My laptop–and my novels-in-progress–are currently on their way to the HP Repair facility in Texas. The general estimate of how long I’ll be without them is about two weeks. While I’d rather not start a new novel before either of those are finished, the muses in my head have no problem forging ahead. I think the presence of those incomplete pieces prevented my imagination from taking the bit between its teeth and running.
I wrote Safe House several years ago. It ended up around 120,000 words. I knew it needed a heck of a lot of work, even when I finished it. The time between then and now has also allowed me to realize that the two stories within the novel should really amount to two novels.
So I have spent the past four years struggling with these novels. I’ve made a dozen or so false starts on both; I write the first few chapters before getting stuck. The main plot appears pretty easy to get onto paper, but complicating things enough for the novel to last 75,000 words is the problem.
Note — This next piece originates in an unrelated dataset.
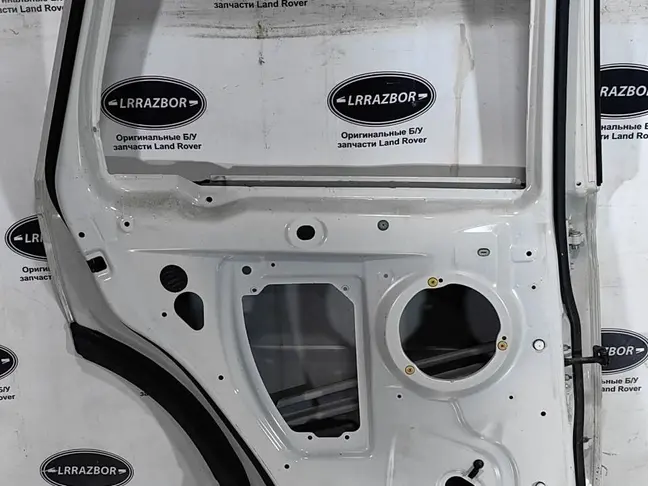 Дверь задняя левая Land Rover Freelander 2 2.2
I haven’t given up on it because of the characters. I love them. I love exploring their imperfections, putting them in difficult situations, and watching them struggle through adversity. I know them so well that they might as well be sitting in the room with me.
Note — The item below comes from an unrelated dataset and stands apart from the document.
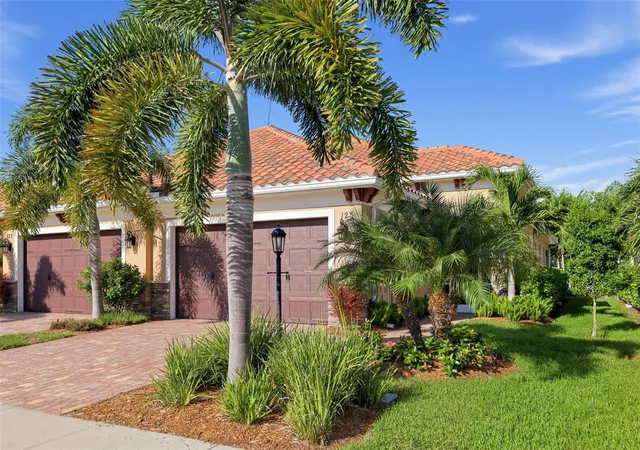 Photo 1 of Single family home for sale at 125 Colebrook Ct, Venice, FL 34292 | MLS# O6445502 | Listing updated on 2026-10-10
The muses in my head latched onto Safe House, specifically what would be the first of the two novels.
They started with gentle prodding: why not set it in Plymouth? I work close to the waterfront, so I know the area pretty well. Plus the charm of Main Street, Burial Hill, and the tourist shops at the shoreline will provide the an engaging setting for the reader. I even spent an hour on Saturday morning taking pictures of everything that sparked my imagination.
Then the muses became a bit more aggressive. I should start the novel in the middle of the action, with a car chase. The main character is already on the run, and she’s got the bad guys nipping at her bumper. I’ve never imagined the story starting this late. I’ll go with it, though. The best Chapter 1’s start with action that draws the reader into the story.
After getting me so agreeable, the muses sprung the biggest change on me. They wanted to make a strong, mysterious professional assassin voluntarily collaborate with my main character.
I almost shut the muses down and chocked the novel up to being put off forever. He wasn’t that kind of person, and I wasn’t sure I wanted him to even lean that way. He had his own code that wouldn’t let him do that. He’s a lone wolf through and through.
I went to bed thinking that the outlining and the planning I’d been doing had all been for nothing. I didn’t want to change that character so much. He wouldn’t resemble the man I’ve come to know over the past few years.
Funny how sleep resets the mind. It’s been four years since I finished that first draft of Safe House, and I’ve not done much with it since then. I need to get it written. I’ve spent too much time with it rattling around in my head. Maybe this is the push I need, and maybe I’ll actually like this new character. Who knows, maybe readers will too.
Have you struggled with whether or not to change a favorite part of your novel or story? Did you make the change? Or did you leave it as is?